*** Input records Section Begins ***

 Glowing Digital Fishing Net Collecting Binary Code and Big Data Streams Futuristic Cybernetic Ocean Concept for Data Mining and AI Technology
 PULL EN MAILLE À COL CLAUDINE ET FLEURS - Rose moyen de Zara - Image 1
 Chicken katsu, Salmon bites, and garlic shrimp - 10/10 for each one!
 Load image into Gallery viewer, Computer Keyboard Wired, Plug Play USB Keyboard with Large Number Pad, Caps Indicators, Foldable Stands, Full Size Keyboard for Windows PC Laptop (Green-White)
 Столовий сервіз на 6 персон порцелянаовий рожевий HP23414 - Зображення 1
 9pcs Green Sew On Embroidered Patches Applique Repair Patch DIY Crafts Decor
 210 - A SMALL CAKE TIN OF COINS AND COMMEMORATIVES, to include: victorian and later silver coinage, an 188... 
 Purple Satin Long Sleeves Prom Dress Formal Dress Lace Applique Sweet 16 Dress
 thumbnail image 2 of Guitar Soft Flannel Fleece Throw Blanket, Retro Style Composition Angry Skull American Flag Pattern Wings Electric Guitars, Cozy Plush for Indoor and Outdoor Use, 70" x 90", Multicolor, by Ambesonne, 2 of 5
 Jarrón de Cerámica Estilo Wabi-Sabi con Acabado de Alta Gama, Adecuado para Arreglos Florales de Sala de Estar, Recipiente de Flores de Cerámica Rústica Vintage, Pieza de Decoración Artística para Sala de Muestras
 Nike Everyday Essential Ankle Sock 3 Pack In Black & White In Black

*** Input records Section Ends ***
*** Input records Section Begins ***

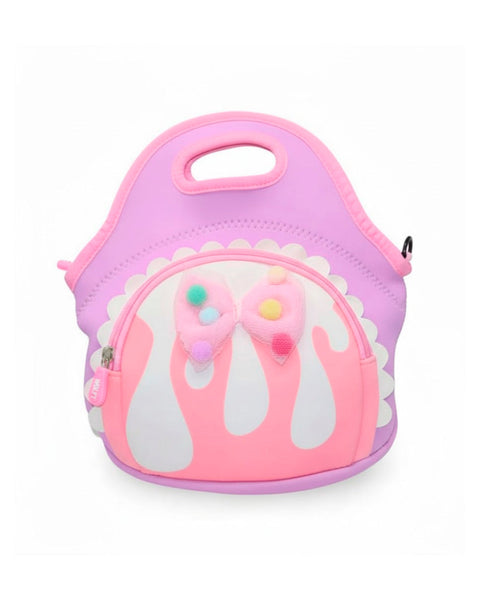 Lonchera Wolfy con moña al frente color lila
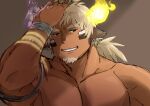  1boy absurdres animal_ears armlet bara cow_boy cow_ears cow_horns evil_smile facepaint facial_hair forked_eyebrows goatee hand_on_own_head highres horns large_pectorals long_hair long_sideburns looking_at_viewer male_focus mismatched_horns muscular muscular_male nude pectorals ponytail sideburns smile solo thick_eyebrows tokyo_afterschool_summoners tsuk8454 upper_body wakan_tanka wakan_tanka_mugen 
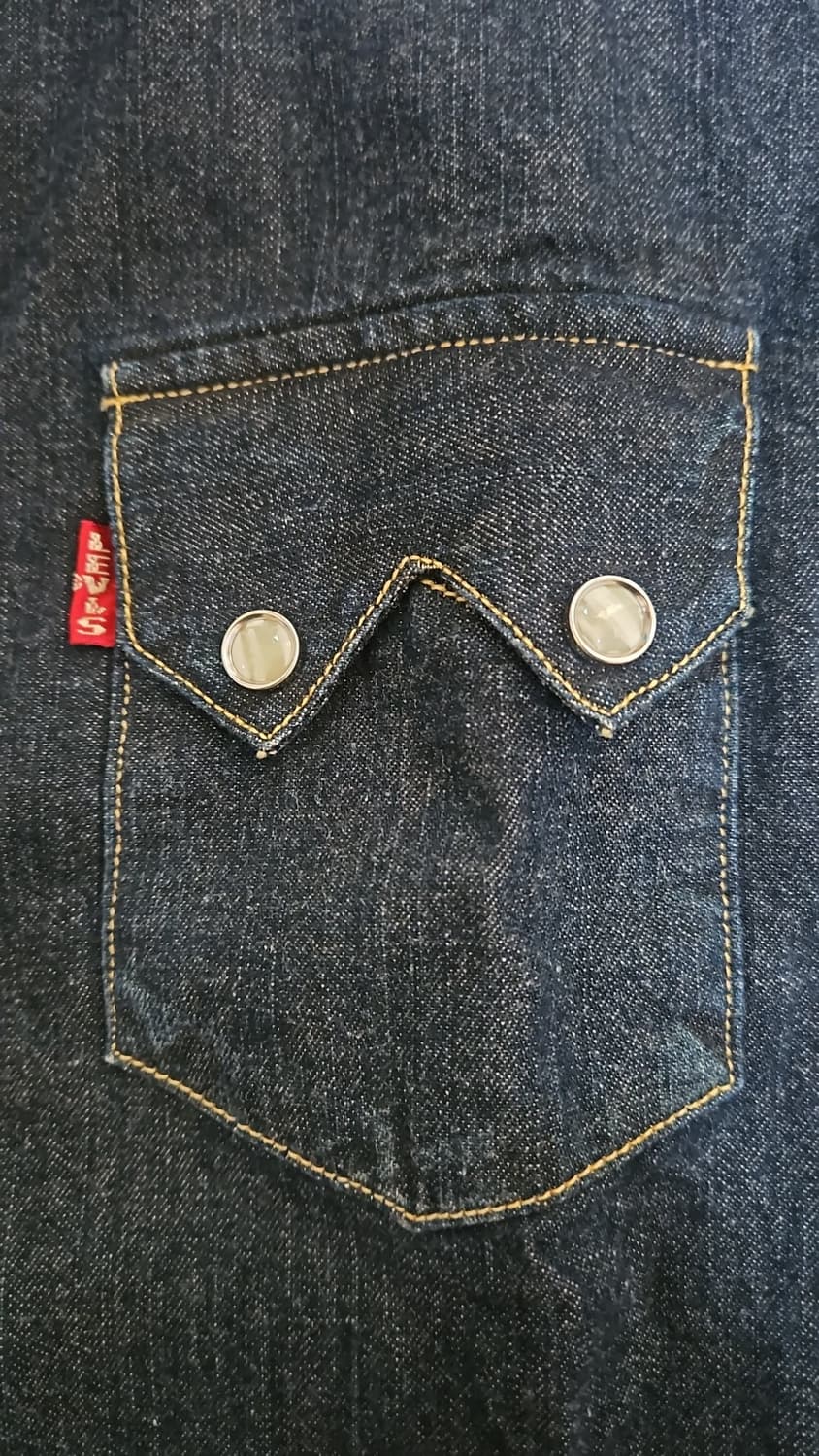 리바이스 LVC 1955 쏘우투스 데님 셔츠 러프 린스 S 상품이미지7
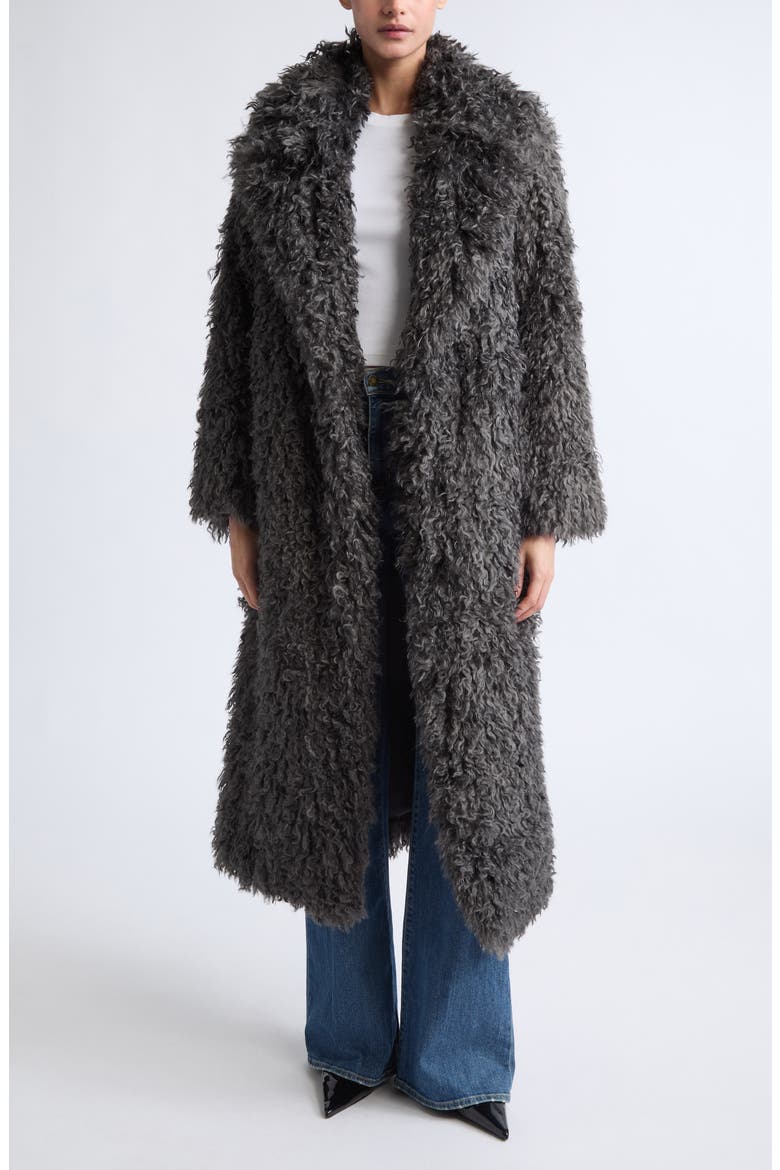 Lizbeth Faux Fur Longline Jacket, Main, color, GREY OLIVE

*** Input records Section Ends ***

**What to produce**: All that should be written out is the stretch of lines above between the one holding "Glowing Digital Fishing" and the one holding "Chicken katsu, Salmon", inclusive, exactly as given.

**Exercise response**:
 Glowing Digital Fishing Net Collecting Binary Code and Big Data Streams Futuristic Cybernetic Ocean Concept for Data Mining and AI Technology
 PULL EN MAILLE À COL CLAUDINE ET FLEURS - Rose moyen de Zara - Image 1
 Chicken katsu, Salmon bites, and garlic shrimp - 10/10 for each one!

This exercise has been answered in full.